BEGIN DATA

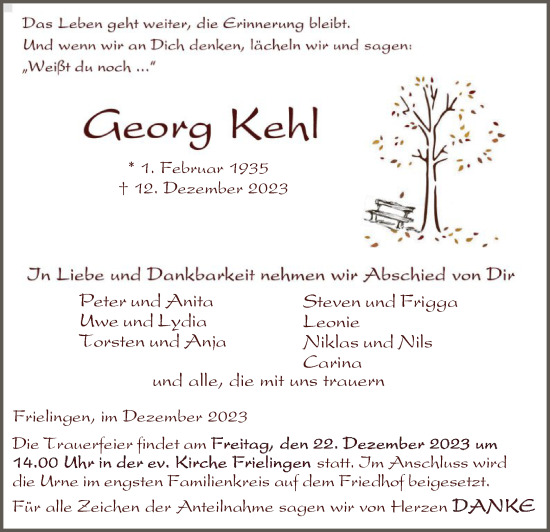 Todesanzeige von Georg Kehl von HZ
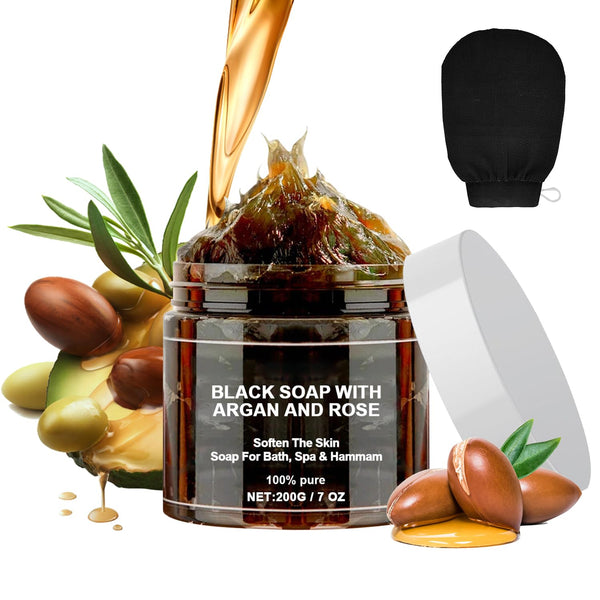 Morocco Black Soap With Argan and Rose Black Soap Zawina Morocco Black Beldi Soap Morocco Body Scrub Moroccan Black Soap with Glove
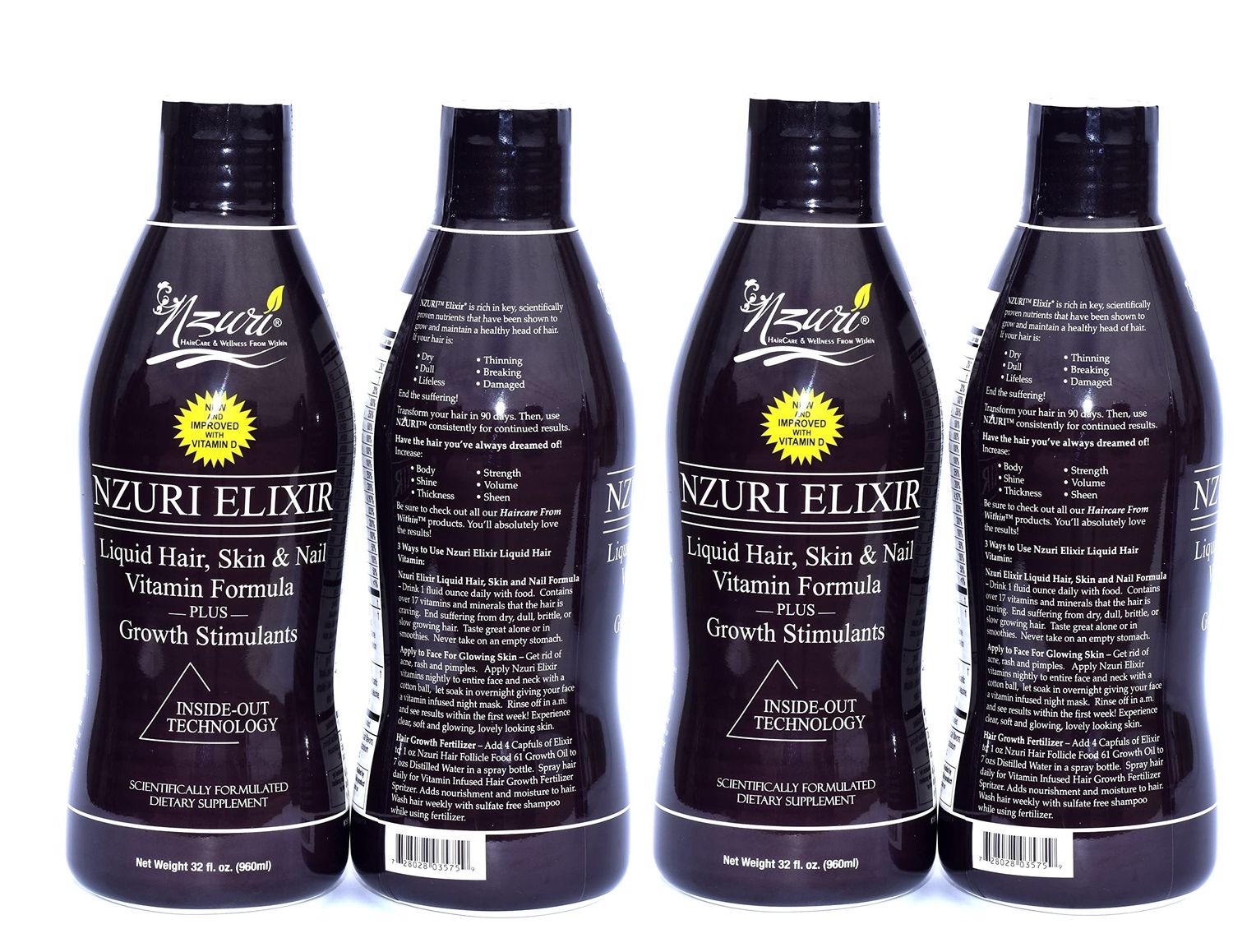 Nzuri Elixir Hair Skin and Nails Vitamins for Women and Men with Biotin, Folate, and Vitamin D for Daily Growth Supplement to Reducing Dryness, Thinning, and Loss, 32 oz. 4 Bottles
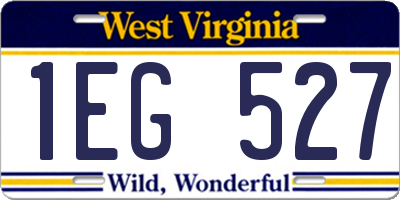WV license plate 1EG527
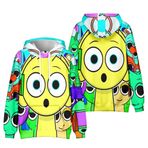 Zhongkaihua Sprunki Kapüşonlu Çocuk Erkek Kız Çocuklar için, Sprunki 3D Baskı Karikatür Anime Kapüşonlu Uzun Kollu Kazak Cep Yaylı Günlük Moda Sweatshirt Hayranlar için Sıcak Hediyeler, 14 yazın, 130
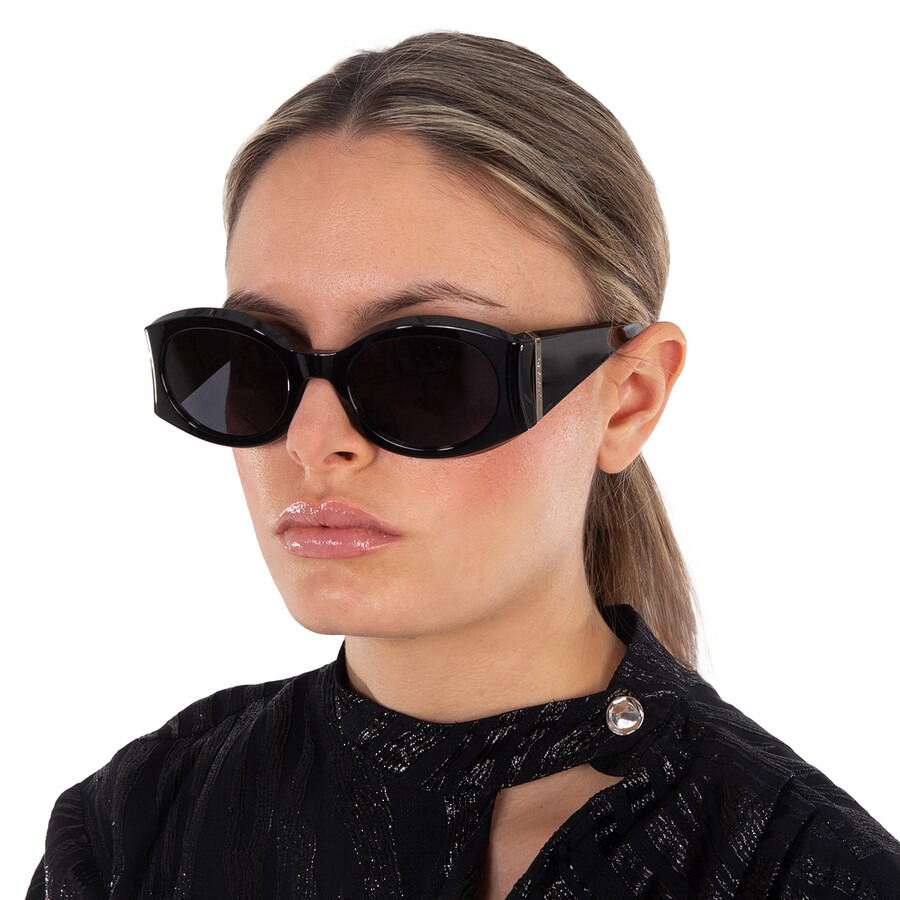 Salvatore Ferragamo Dark Grey Oval Ladies Sunglasses SF2008S 001 55 - 2
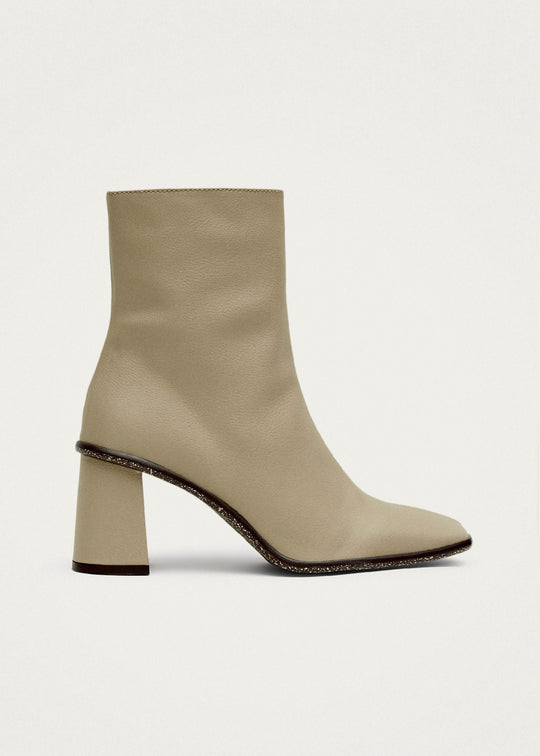 West Cactus Warm Sand Beige Vegan Leather Ankle Boots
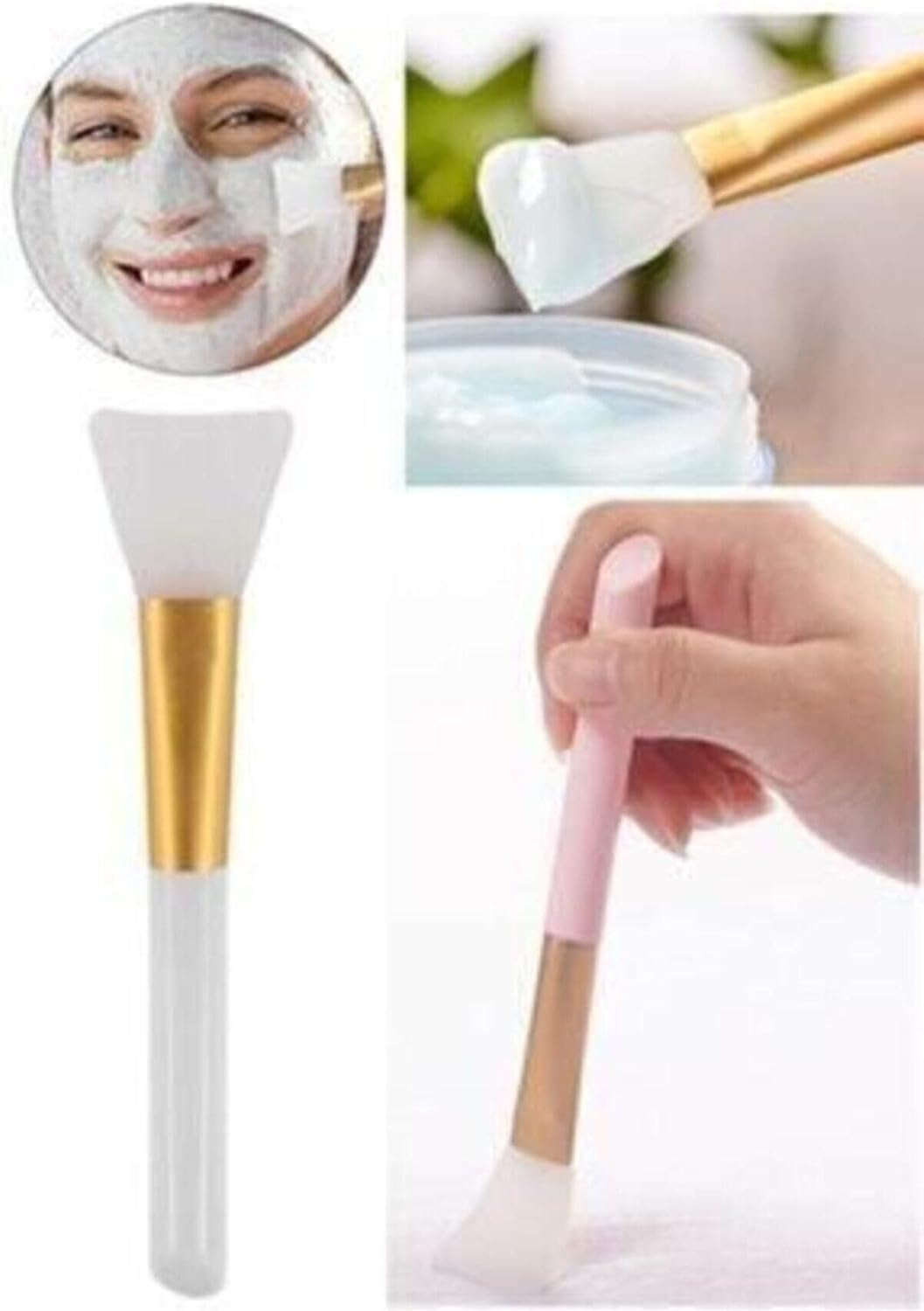MUJGAN Beyaz Silikon Maske Sürme Fırçası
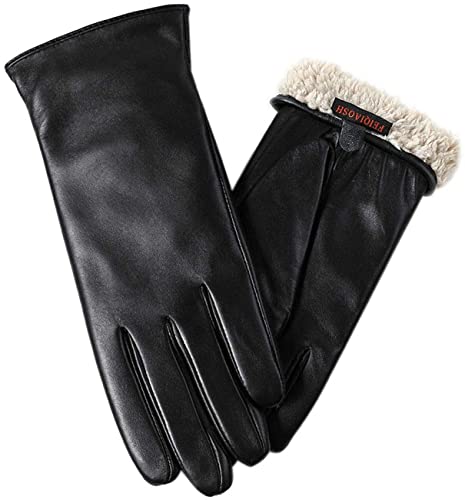 FEIQIAOSH Winter Leather Gloves for Women, Premium Sheepskin Warm Gloves for Cold Weather, Fleece Lining Touch Screen Glove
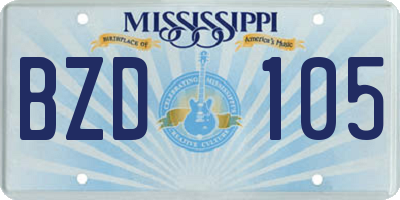 MS license plate BZD105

END DATA

WHAT IS REQUIRED -> All lines from the line containing "West Cactus Warm" through the end of the listing above are to be given again exactly; pictures are not part of the copy.

SOLUTION ->
 West Cactus Warm Sand Beige Vegan Leather Ankle Boots
MUJGAN Beyaz Silikon Maske Sürme Fırçası
 FEIQIAOSH Winter Leather Gloves for Women, Premium Sheepskin Warm Gloves for Cold Weather, Fleece Lining Touch Screen Glove
 MS license plate BZD105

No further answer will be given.